# Question on Curvilinear Motion

• Feb 6th 2011, 03:37 PM
Question on Curvilinear Motion
This is from Applications of the Derivative under Curvilinear Motion:

So a rocket follows a path given by y=x-(1/90)x^3. Distance in km.
If the horizontal velocity is Vx=x, find the magnitude and direction of the velocity when the rocket hits the ground, if time is in minutes.

So I have so far = I do the product rule
dx/dy=1-(1/90)x^3 + x-(1/30)x^2(dx/dt)
So then I multiply by 90 to get rid of the 90 and 30.

So I have now
Vy=-x^3+90X-0.1x^3
Gives me now
Vy = -1.1x^3+90x

I am stuck at this part and I don't know if I did this correct??
How do I solve with Vx=x???
Can someone direct me in the right direction.
Thanks
Joanne
• Feb 6th 2011, 03:59 PM
alexmahone
Quote:

This is from Applications of the Derivative under Curvilinear Motion:

So a rocket follows a path given by y=x-(1/90)x^3. Distance in km.
If the horizontal velocity is Vx=x, find the magnitude and direction of the velocity when the rocket hits the ground, if time is in minutes.
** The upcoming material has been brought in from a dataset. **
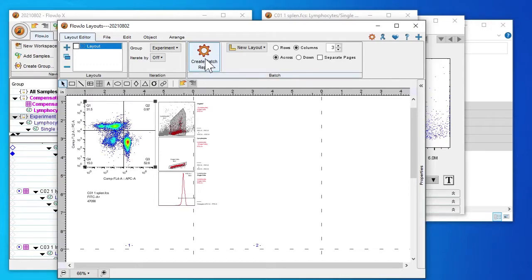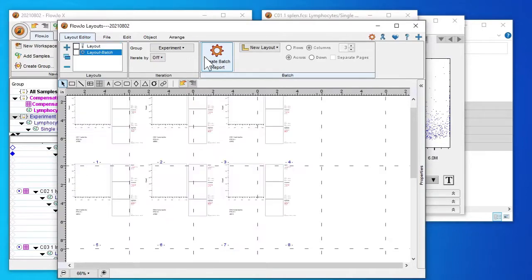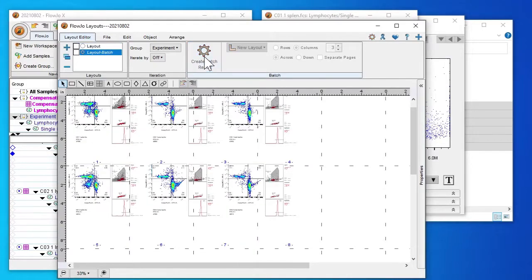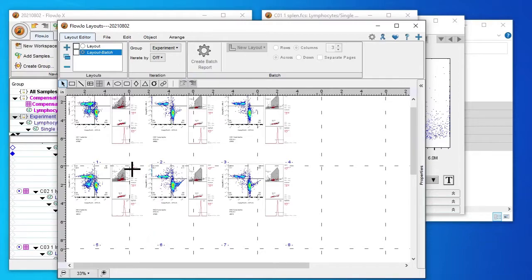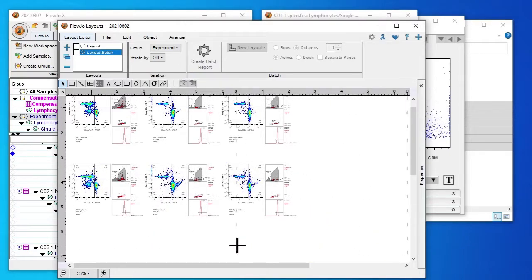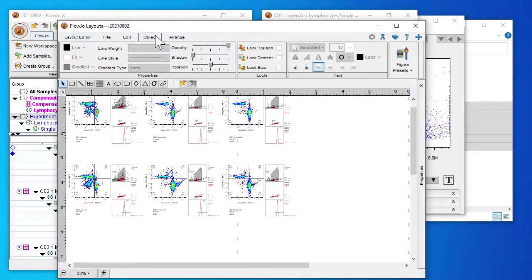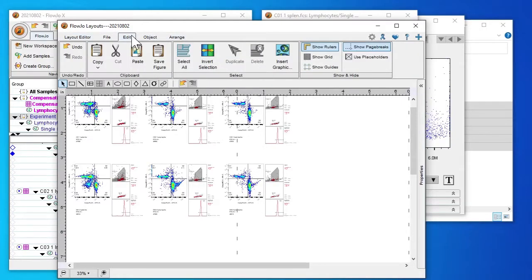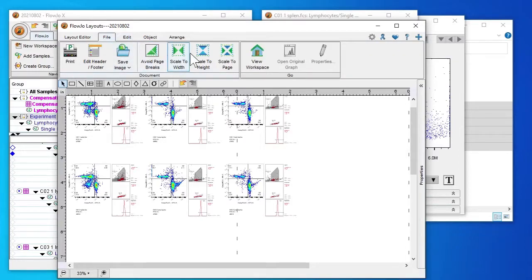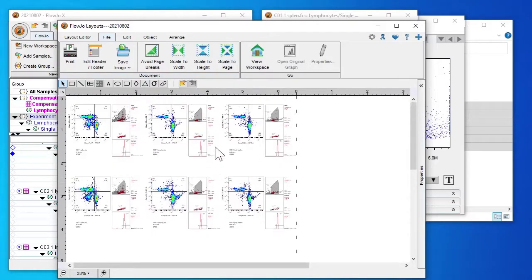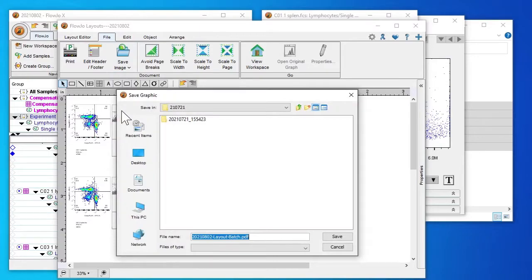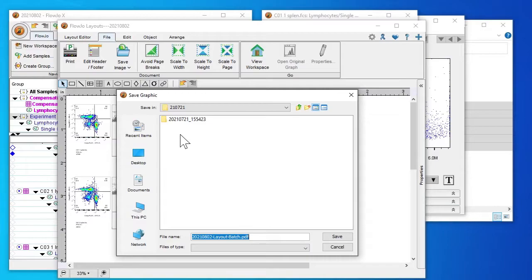I want to create a batch report so that all of our six samples of interest have the same layout. We need to change the page size so that everything fits in. So under file click scale to page. And we're saving and choose a variety of different file formats but I will choose PDF. Set into this folder.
So I have so far = I do the product rule
dx/dy=1-(1/90)x^3 + x-(1/30)x^2(dx/dt)
So then I multiply by 90 to get rid of the 90 and 30.

So I have now
Vy=-x^3+90X-0.1x^3
Gives me now
Vy = -1.1x^3+90x

I am stuck at this part and I don't know if I did this correct??
How do I solve with Vx=x???
Can someone direct me in the right direction.
Thanks
Joanne

When the rocket hits the ground,

$\displaystyle y=0$

$\displaystyle x-\frac{x^3}{90}=0$

Solve for $\displaystyle x$.

------------------------------------------------------------------------------------------------

$\displaystyle y=x-\frac{x^3}{90}$

Differentiating both sides wrt $\displaystyle t$,

$\displaystyle \frac{dy}{dt}=(1-\frac{x^2}{30})\frac{dx}{dt}$

Using $\displaystyle \frac{dx}{dt}=x$, we get

$\displaystyle \frac{dy}{dt}=(1-\frac{x^2}{30})x$

Now, substitute the value of $\displaystyle x$ you previously found to find the velocity vector $\displaystyle \vec{v}=\frac{dx}{dt}\hat{i}+\frac{dy}{dt}\hat{j}$.
• Feb 6th 2011, 04:32 PM
So I get 90x-x^3=0
For some stupid reason I forgot this part.
is it 90=x^3/x ???
so I have 90=x^2
So x =9.4868??

In my question when it said Vx=x, how is that used??
I am a bit lost on this one.
• Feb 6th 2011, 04:45 PM
alexmahone
Quote:

So I get 90x-x^3=0
For some stupid reason I forgot this part.
is it 90=x^3/x ???
so I have 90=x^2
So x =9.4868??

Yes.

Quote:

In my question when it said Vx=x, how is that used??
I am a bit lost on this one.

$\displaystyle v_x=\frac{dx}{dt}=x$
• Feb 6th 2011, 05:41 PM
So Find the derivative of the original equation and sub in the x value??
Sorry I am not getting this for some reason. Brain dead tonight I think.
• Feb 6th 2011, 06:03 PM
alexmahone
Quote:

So Find the derivative of the original equation and sub in the x value??
Sorry I am not getting this for some reason. Brain dead tonight I think.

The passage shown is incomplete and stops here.